Una reforma comunitaria suele incluir varios componentes. No todos tienen necesariamente el mismo tratamiento CAE ni toda la inversión es atribuible al ahorro energético. Conviene desglosar medidas, costes, superficies, equipos y fechas para calcular cada parte sin duplicidades ni inclusión de trabajos meramente estéticos o de mantenimiento.
Acuerdos, representación y titularidad
El expediente debe identificar correctamente a la comunidad y a su representante, además de conservar el acuerdo que habilita la actuación y, cuando corresponda, la gestión del ahorro. El contenido y mayoría necesarios para los acuerdos dependen del régimen jurídico y del alcance de la obra, por lo que deben ser revisados por la administración o asesoría competente.

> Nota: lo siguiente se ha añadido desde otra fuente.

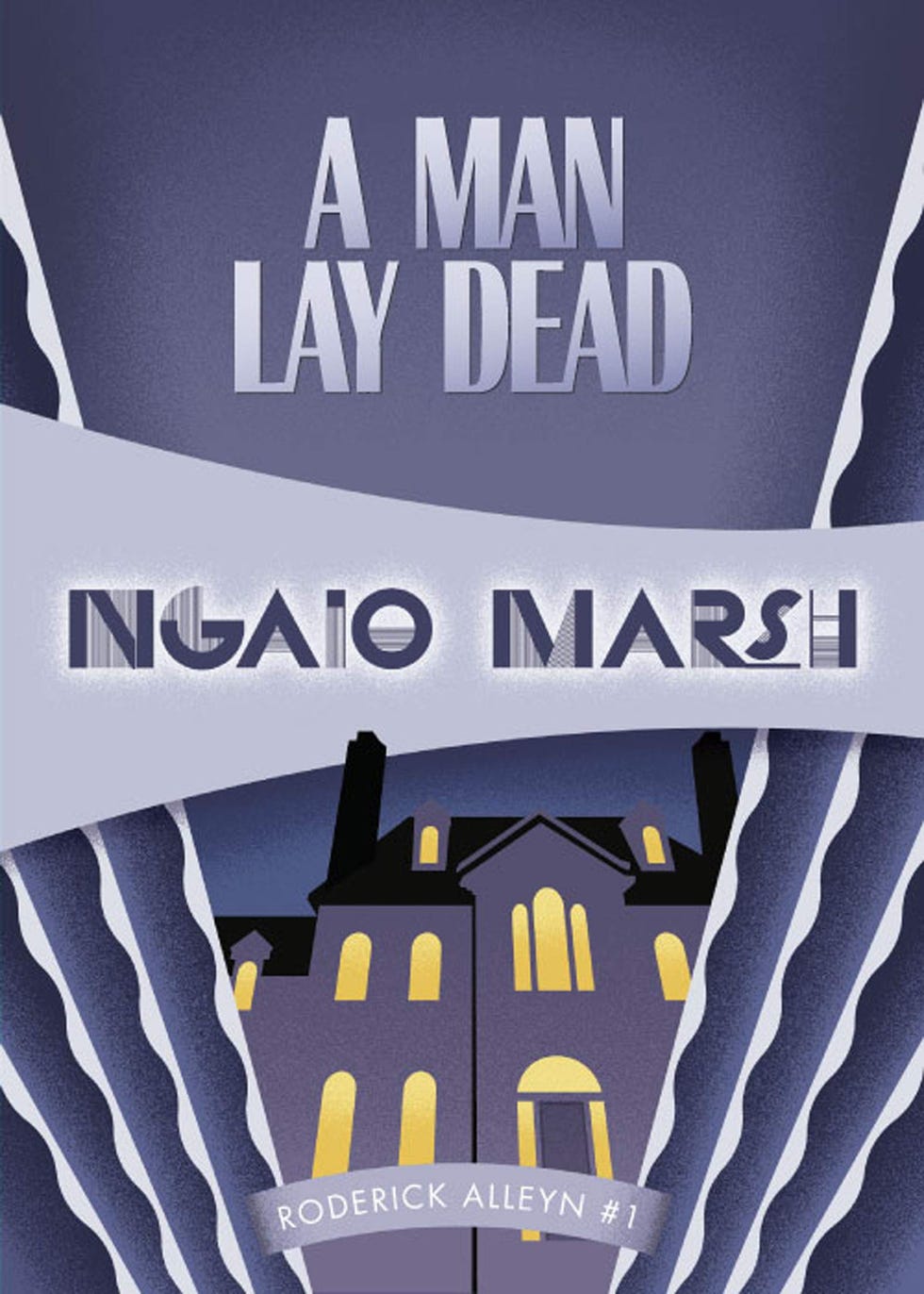 A Man Lay Dead: Inspector Roderick Alleyn #1 A Man Lay Dead: Inspector Roderick Alleyn #1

La documentación contractual debe aclarar quién firma, quién paga, quién aporta datos y quién puede formalizar compromisos sobre el ahorro. Si existen locales, propietarios con instalaciones individuales o terceros explotadores, hay que delimitar qué consumos y equipos forman parte del proyecto. No debe presumirse que el administrador puede asumir cualquier compromiso sin respaldo suficiente.
Construir una línea base del edificio
Antes de la obra se documentan instalaciones, combustible, potencias, rendimientos disponibles, horarios, superficies atendidas y sistemas de control. También son útiles contratos de mantenimiento, inspecciones, facturas energéticas y registros de consumo. Estos datos deben interpretarse con cautela, pues una factura conjunta puede incluir usos no afectados por la actuación.
Si la mejora se ejecuta por fases o afecta solo a parte del edificio, el perímetro debe quedar claramente definido. Las fotografías de equipos y espacios, los planos y la relación de viviendas o zonas atendidas ayudan a evitar confusiones. Cuando el cálculo utilice una ficha, se recogerán exactamente las variables y pruebas que esta exija.
Coordinar obra y expediente
La dirección o coordinación de la actuación debería integrar un plan documental: fotografías previas, inventario de equipos retirados, fichas de los nuevos, facturas desglosadas, certificados y pruebas de puesta en servicio. Si un elemento queda oculto tras la obra, debe registrarse antes del cierre. Los cambios aprobados durante la ejecución tienen que reflejarse en memoria y cálculo.
Es recomendable designar un interlocutor que centralice versiones y responda a instaladores, técnicos, actores habilitados y verificadores. Esto evita que existan presupuestos, planos o listados contradictorios. La protección de datos también debe considerarse: se aportará la información necesaria sin difundir datos personales irrelevantes.
Checklist para la comunidad
Comprobar: identificación y representación de la comunidad; acuerdo documentado; alcance por zonas y equipos; ficha o metodología aplicable; situación inicial; compatibilidad con ayudas —excluyendo actuaciones beneficiarias de programas financiados con cargo al Fondo Nacional de Eficiencia Energética—; contrato y derechos sobre el ahorro; facturas desglosadas; certificados reglamentarios; fotografías; cálculo actualizado; y archivo centralizado de originales.
Los CAE pueden mejorar el planteamiento económico de una rehabilitación, pero no sustituyen la aprobación comunitaria, las licencias, la seguridad industrial ni la correcta ejecución. La compensación, si existe, depende de acuerdos privados y del ahorro finalmente reconocido. Por ello debe presentarse como una posibilidad condicionada, nunca como ingreso garantizado.